Friday, August 21, 2009

British general to befriend Taliban

A FORMER British special forces commander has been appointed to mastermind a programme of reconciliation with members of the Taliban, General David Petraeus, the US military chief, said overnight.

Lieutenant-General Sir Graeme Lamb, who retired recently from the British Army, was personally requested by General Stanley McChrystal, the US and Nato commander in Afghanistan, to take on the role, which is considered crucial to reduce the impact of the insurgency.

General Lamb would work at "local level reconciliation and reintegration", General Petraeus said at a briefing at the US Embassy in London.
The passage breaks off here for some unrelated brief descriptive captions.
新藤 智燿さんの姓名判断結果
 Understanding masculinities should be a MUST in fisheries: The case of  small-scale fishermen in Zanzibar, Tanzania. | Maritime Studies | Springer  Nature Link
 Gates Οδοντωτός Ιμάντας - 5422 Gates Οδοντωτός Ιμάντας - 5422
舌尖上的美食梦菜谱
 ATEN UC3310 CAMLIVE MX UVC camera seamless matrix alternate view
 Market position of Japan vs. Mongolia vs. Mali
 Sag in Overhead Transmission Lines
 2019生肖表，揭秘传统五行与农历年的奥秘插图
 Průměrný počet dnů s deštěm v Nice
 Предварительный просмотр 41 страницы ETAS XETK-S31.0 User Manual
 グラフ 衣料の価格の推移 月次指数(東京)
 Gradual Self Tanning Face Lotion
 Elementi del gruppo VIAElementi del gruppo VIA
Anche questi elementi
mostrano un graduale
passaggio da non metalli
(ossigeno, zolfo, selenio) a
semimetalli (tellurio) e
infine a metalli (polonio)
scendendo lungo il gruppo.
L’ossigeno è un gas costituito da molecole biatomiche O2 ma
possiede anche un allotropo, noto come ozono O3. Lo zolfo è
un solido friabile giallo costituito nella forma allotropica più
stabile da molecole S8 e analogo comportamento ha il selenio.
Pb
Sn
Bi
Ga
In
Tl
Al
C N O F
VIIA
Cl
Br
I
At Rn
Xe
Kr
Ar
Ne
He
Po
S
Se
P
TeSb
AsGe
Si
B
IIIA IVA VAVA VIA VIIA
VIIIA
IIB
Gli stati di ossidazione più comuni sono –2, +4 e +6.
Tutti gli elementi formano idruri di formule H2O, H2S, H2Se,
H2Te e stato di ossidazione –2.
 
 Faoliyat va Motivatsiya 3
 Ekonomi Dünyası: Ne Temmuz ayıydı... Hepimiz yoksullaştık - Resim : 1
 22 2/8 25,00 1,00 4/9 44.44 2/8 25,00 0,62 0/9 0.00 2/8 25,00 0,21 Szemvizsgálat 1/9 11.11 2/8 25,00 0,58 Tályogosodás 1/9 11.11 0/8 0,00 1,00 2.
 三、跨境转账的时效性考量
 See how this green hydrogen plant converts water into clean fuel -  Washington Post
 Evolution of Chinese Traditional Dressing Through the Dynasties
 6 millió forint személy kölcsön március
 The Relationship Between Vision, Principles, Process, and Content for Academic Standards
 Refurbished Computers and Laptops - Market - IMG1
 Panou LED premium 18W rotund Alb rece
General Petraeus, the commander of US Central Command, which embraces Iraq and Afghanistan, was full of praise for General Lamb, a former Director Special Forces, when he worked with him in Baghdad. He played a similar role there, persuading Sunni insurgent leaders to give up fighting.

General Petraeus said that the Nato forces faced a tough time before the election overnight, especially in Helmand, where British troops had lost many soldiers in the last two months. "Our soldiers have shed blood side by side," he said.

He would not predict how long he expected British and other Nato troops to be engaged in fighting the Taliban, but said that the alliance needed to maintain a "sustained and substantial commitment".

"I wouldn't hazard the number of years this will take. But the coalition was facing an industrial-strength insurgency.

"We can pursue local reconciliation, this has already been done, but we have to kill, capture or run off the irreconcilables (the top tier of Taliban leaders)," General Petraeus said.

"Let us not forget why we are in Afghanistan. It's because we want to ensure that this country cannot become once again a sanctuary for al-Qaeda and the other transnational extremists to carry out more attacks in the US and Britain and elsewhere."

He described the main threat as a "syndicate of extremist insurgent elements in Afghanistan and Pakistan, which had a loose affiliation with al-Qaeda headquarters in FATA (the Federally Administered Tribal Area in Pakistan)".

There are about 62,000 US troops in Afghanistan, with another 6,000 to be deployed by the autumn. General Petraeus admitted that the size of the Afghan national security forces was too low and he expected General McChrystal, in his review of future strategy, to call for a substantial increase in Afghan troops and police.